Turn that dream into reality, says Harvey Buchite of Hidden Springs Flower Farm in Spring Grove, Minn. You can have lush flowering shrubs and small trees if you plan for the Zone 4 climate we live in. Each year, growers such as Buchite are bringing new and better varieties to market that will grow reliably in the cold north country.
So think beyond azaleas and rhododendrons. Think beyond the faded white peony growing in grandma’s garden to something more dazzling.
And think wisteria and crab apples and even magnolia trees. All are now available here and Buchite will talk about that at 2:15 p.m. on Saturday, March 17, at Caledonia Middle/High School as part of the Houston County Master Gardeners workshop “Thyme to Grow.”
If it’s peonies you want, Buchite has them in abundance, including new varieties developed at his garden center.
“Probably what people know us most for is we have about 20,000 peony plants. The first two weeks in June, it’s a patchwork of color here at the farm. We also have a small nursery besides our peony field,” he said, where they grow apple trees, wisteria and more. And with all the hybridizing work going on, gardeners in Zone 4 can grow things they never could before.
One thing people around here may not have considered, Buchite said, is magnolias, because most people think of them as a Southern tree.
But there are beautiful varieties that have been developed in the last few years for the Midwest, he said — some are only 10 feet tall and come in colors other than white. “They fit in very nicely in mature landscapes,” he said, and can fit in nicely in a shade garden as an understory tree.
“I’ve seen them used just beautifully,” he said, with a hosta garden beneath. And they can add welcome color to a shady landscape. “If they want some bright spring color, you can get bright pinks, yellows, whites. And I like the wide range of tree growth. You can select a size that will fit your landscape.”
Not into magnolias? There are other choices you might not have considered.
“The other thing that my wife and I introduced was winter-hardy wisteria. It was developed right in Minnesota and introduced through a nursery right in the Twin Cities. It’s called Blue Moon Wisteria.”
You need to ask for it by name, he said, because another more familiar variety, Aunt Dee, would only bloom every 10 years or so. “But Blue Moon will bloom three times a year and it’s hardy to minus-40 degrees.
It’s one of the hardiest available flowering vines. We’ve had it for a while so the price has come down on it. It’s very affordable now.
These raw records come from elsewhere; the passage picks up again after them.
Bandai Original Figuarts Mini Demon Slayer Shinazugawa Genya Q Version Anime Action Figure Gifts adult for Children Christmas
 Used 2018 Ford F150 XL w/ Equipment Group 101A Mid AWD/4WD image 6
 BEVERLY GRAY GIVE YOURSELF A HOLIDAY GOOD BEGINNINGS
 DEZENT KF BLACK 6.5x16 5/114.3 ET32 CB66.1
Sometimes different means new and expensive,” he said, so the first few years of a plant’s release it may be beyond your gardening budget.
There’s a good reason for that, Buchite said. It takes a long time to bring a new variety to market.
“We just released a new peony, Romantic Elegance, and it sold out within 5 minutes online. With the Internet now, the buying public is across the whole spectrum,” he said, and can buy from even small nurseries like his.
“We have 23,000 peonies here and people kept asking about this one,” he said. “But peonies take about 25 years or so to grow from seed to full production. People who are new to gardening don’t understand that plants aren’t like a T-shirt. If plants run out of stock, you can’t just order more. It takes us four years for each crop of peonies we grow. Those who didn’t get Romantic Elegance this year, they’re going to have to wait until 2022.That’s why we see people snapping up newer introductions.”
The reason Romantic Elegance is popular is about more than its looks, Buchite said. Most peonies get pounded by a rainstorm and never recover. But Romantic Elegance has strong stems and stands up on its own without a cage around it to support it.
So you can’t get Romantic Elegance but you could try one of his 23,000 other peonies such as Independence, a sparkly pink and white peony that is a standout in its field. Or, you could try a dwarf tree.
“Some things you might not think of are some of the new dwarf crab apple trees and dwarf apple trees. If you’ve ever seen them in bloom, they’re wonderful in spring time, and there are trees that are only 6 to 8 feet tall so you don’t need a ladder to harvest. And they come in colors from white to maroon.”
The advantage of crab apples is that they provide winter food for migrating birds, Buchite said. “So they are beautiful plants but also beneficial for wildlife.”
And for those fond of weeping varieties of trees, there are also some with a weeping habit.
“With weepers, I think people are really looking for smaller plants — ones that are more compact and easier to maintain. It’s sure nice to be able to do pruning with just a hand pruners.”
Buchite said if we’ve learned anything from Dutch elm disease, oak wilt and emerald ash borers, it’s that we’ve got to have diversity in our landscapes.
“All those major diseases are hitting some of our major woody tree family so we need to look at other alternatives and get more variety in our landscapes.”